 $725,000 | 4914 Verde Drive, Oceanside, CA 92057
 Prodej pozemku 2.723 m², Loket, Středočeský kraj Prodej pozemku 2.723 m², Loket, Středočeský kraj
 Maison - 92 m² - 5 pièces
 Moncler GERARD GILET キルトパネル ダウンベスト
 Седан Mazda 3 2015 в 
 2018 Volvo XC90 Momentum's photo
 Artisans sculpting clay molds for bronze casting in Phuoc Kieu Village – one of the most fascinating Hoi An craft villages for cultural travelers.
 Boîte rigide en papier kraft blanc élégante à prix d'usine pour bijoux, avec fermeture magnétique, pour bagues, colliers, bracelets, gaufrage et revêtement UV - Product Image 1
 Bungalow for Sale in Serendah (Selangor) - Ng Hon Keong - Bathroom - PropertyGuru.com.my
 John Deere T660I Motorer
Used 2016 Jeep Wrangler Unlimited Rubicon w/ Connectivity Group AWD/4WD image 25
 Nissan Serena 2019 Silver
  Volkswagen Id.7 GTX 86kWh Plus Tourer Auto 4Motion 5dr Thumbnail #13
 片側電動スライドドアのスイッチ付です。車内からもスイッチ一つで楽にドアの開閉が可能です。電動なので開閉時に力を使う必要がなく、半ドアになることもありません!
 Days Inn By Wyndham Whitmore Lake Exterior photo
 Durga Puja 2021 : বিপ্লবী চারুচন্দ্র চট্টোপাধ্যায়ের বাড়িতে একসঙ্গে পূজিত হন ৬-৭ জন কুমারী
◆ ◆ ◆ ◆ ◆ ◆ ◆
What is needed ▸ Return, with nothing added or dropped, the line containing "Nissan Serena 2019 Silver" and every line after it to the end of the listing above.

Answer box ▸
 Nissan Serena 2019 Silver
  Volkswagen Id.7 GTX 86kWh Plus Tourer Auto 4Motion 5dr Thumbnail #13
 片側電動スライドドアのスイッチ付です。車内からもスイッチ一つで楽にドアの開閉が可能です。電動なので開閉時に力を使う必要がなく、半ドアになることもありません!
 Days Inn By Wyndham Whitmore Lake Exterior photo
 Durga Puja 2021 : বিপ্লবী চারুচন্দ্র চট্টোপাধ্যায়ের বাড়িতে একসঙ্গে পূজিত হন ৬-৭ জন কুমারী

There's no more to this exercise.